Il prit le risque de sortir sa 203 Peugeot du garage situé sous l’immeuble qui était penché. Nous avons pris la route de la base militaire. Un pont était couvert d’eau. Auguste s’arrêta. Des pompiers s’engagèrent sur le pont sans hésiter, nous les avons suivis. Les immeubles au bord de la route étaient en feu.

Notre mère, étant enceinte de jumeaux et vivant difficilement sa grossesse, fut considérée prioritaire pour entrer en France. Un avion militaire anglais nous a accueillis pour nous amener à Marseille le jour même. Dans l’avion, il n’y avait pas de sièges, nous étions assis par-terre. Des chaussures oubliées par des militaires trainaient çà et là. Notre père resta cinq mois à Agadir pour assurer la sécurité des biens et des personnes.
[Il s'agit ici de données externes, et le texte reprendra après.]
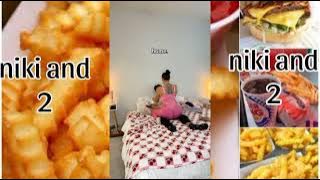 twerking tiktok girls challenge 🍩😋 tiktok #shorts #tiktok bk#tiktok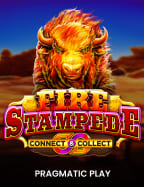 สูตร บา คา ร่า ถัง ทอง ทำเงินง่าย ได้จริง!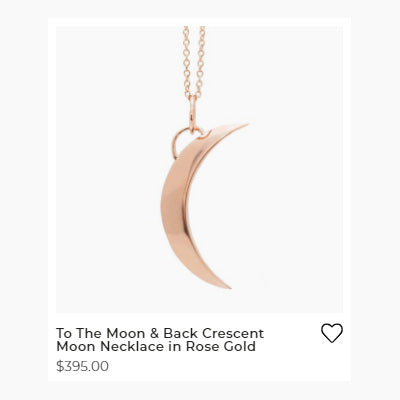 Bremer-Jewelry-2020-Valentines-Day-Gift-Guide-This-Is-Us-Crescent-Moon-Necklace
Arrivés à Marseille, nous avons pu prendre un petit-déjeuner, nous les deux garçons. Notre mère ne prit rien : elle n’avait pas assez d’argent sur elle et tout était payant . Ce n’est qu’arrivés à hauteur de Lyon par le train, que nous avons reçu des dons en nourriture. A Paris, à la gare de Lyon, des marins nous attendaient pour nous accompagner en métro à la gare Montparnasse où nous avons pris le train pour Brest. Philippe fit ce transfert sur les épaules d’un marin.

D’autres familles moins prioritaires que nous sont arrivées à Paris avant nous, ayant pris des avions directs Agadir-Paris.

A Brest, une de nos tantes nous a pris en charge et nous logea. Elle s’étonna que notre mère n’était vêtue que d’une robe d’été. A Agadir, nous nous baignions de Janvier à Décembre.

Notre père est remonté dans l’appartement quelques jours plus tard pour prendre des affaires malgré les interdictions. Évidemment, il était accompagné et prenait plein de précautions, selon lui. Il y avait encore des secousses. Il parvint à récupérer la plupart de nos meubles. En déménageant notre cuisinière, il faillit y laisser la vie. L’habitude de notre mère était de ranger la friteuse pleine d’huile dans le four. En descendant les escaliers, disloqués par le tremblement de terre, lui et ses compagnons penchèrent la cuisinière et l’huile se répandit sur les marches formant ainsi une vraie patinoire.

Fin Juillet, Auguste fit le trajet Agadir – nord du Finistère avec sa fameuse 203 bleu ciel. Il fut alors muté en Vendée, département proche de la Bretagne dont il était originaire.